One Nexus Way, Camana Bay, Grand Cayman

KY1-9005 Cayman Islands

(Address of principal executive office)

Indicate by check mark whether the registrant files or will file annual reports under cover of Form 20-F or Form 40-F:

FORM 20-F ☒ FORM 40-F ☐

Indicate by check mark if the registrant is submitting the Form 6-K in paper as permitted by Regulation S-T Rule 101(b)(1): ☐

Indicate by check mark if the registrant is submitting the Form 6-K in paper as permitted by Regulation S-T Rule 101(b)(7): ☐

 

 

As previously disclosed, on August 6, 2020, Stealth BioTherapeutics Corp (the “Company”) and H.C. Wainwright & Co., LLC (“Wainwright”), entered into an At The Market Offering Agreement (the “Sales Agreement”) pursuant to which the Company may offer and sell, from time to time, through Wainwright, American Depositary Shares (“ADSs”), each representing 12 ordinary shares, with a nominal or par value of $0.0003 per share. The Company, on November 19, 2020, disclosed its election to terminate the offer and sale of its ADSs pursuant to the registration statement on Form F-3 (File No. 333-237542) (the “Registration Statement”), which was declared effective by the U.S. Securities and Exchange Commission (the “SEC”) on April 10, 2020, and a related prospectus supplement filed with the SEC on August 6, 2020.

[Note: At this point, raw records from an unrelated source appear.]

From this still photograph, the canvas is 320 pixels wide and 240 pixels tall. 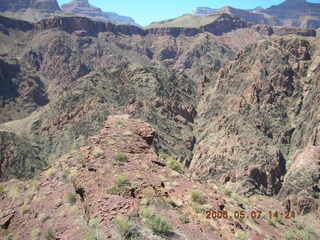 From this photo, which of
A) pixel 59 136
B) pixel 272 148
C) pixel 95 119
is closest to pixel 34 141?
pixel 59 136

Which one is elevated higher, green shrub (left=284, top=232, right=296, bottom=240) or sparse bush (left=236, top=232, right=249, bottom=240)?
sparse bush (left=236, top=232, right=249, bottom=240)

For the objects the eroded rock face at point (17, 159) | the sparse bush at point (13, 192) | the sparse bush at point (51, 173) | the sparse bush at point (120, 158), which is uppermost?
the sparse bush at point (120, 158)

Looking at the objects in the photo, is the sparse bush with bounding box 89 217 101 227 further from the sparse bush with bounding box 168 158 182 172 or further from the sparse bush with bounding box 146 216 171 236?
the sparse bush with bounding box 168 158 182 172

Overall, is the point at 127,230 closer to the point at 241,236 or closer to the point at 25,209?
the point at 241,236

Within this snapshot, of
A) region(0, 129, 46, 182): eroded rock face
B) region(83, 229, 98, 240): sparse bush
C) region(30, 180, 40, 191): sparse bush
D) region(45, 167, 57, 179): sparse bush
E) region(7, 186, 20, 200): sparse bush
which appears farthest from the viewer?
region(0, 129, 46, 182): eroded rock face

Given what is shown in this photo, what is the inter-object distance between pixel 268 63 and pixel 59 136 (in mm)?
61392

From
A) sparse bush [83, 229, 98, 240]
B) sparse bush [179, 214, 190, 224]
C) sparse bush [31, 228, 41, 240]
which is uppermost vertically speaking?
sparse bush [83, 229, 98, 240]

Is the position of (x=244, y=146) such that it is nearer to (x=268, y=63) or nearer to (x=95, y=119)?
(x=268, y=63)

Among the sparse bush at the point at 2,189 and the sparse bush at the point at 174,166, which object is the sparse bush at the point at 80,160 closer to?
the sparse bush at the point at 174,166

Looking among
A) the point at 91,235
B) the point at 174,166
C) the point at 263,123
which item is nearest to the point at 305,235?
the point at 174,166

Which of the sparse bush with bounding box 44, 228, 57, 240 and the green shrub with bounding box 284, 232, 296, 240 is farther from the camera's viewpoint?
the green shrub with bounding box 284, 232, 296, 240

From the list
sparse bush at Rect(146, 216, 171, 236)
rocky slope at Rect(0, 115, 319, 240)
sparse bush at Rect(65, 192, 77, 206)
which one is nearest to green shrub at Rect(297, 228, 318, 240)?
rocky slope at Rect(0, 115, 319, 240)

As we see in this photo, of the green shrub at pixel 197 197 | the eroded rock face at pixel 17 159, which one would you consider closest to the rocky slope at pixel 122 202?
the green shrub at pixel 197 197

On March 18, 2022, the Company elected to resume making sales of ADSs under the Sales Agreement. Sales of ADSs under the Sales Agreement will be made pursuant to the Registration Statement and a related prospectus supplement filed with the SEC on March 18, 2022, for an aggregate offering price of up to $4,562,230. Investors should read the Registration Statement and the prospectus supplement and all documents incorporated therein by reference.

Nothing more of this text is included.